Automated Black Box Generation of Structured Inputs for Use in Software Testing
A common problem in automated software testing is the need to generate many inputs with complex structure in a black-box fashion. For example, a library for manipulating red-black trees may require that inputs are themselves valid red-black trees, meaning anything invalid is not suitable for testing. As another example, in order to test code generation in a compiler, it is necessary to use input programs which are both syntactically valid and well-typed. Despite the importance of this problem, we observe that existing solutions are few in number and have severe drawbacks, including unreasonably slow performance and a lack of generality to testing different systems.

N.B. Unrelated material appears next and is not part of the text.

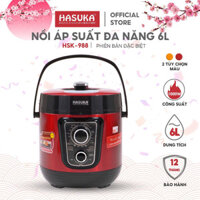 Nồi áp suất điện đa năng Hasuka HSK-988 dung tích 6L, công suất 1000W- Thiết bị nấu ăn hiện đại và tiện lợi (BH12 tháng)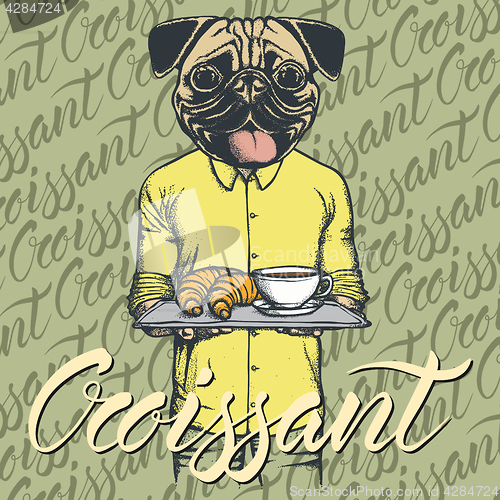 Image of Vector Illustration of pug dog with croissant and coffee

This thesis presents a solution to this problem of black-box structured input generation. I observe that test inputs can be described as solutions to systems of logical constraints, and that more expressive constraints can lead to more complex tests. In order to test effectively and generate many tests, we need high-performance constraint solvers capable of finding many solutions to these constraints. I observe that constraint logic programming (CLP) offers an expressive constraint language paired with a high-performance constraint solver, and thus serves as a potential solution to this problem. Via a series of case studies, I have found that CLP (1) is applicable to testing a wide variety of systems; (2) can scale to more complex constraints than ever previously described; and (3) is often orders of magnitude faster than competing solutions. These case studies have also exposed dozens of bugs in high-profile software, including the Rust compiler and the Z3 SMT solver.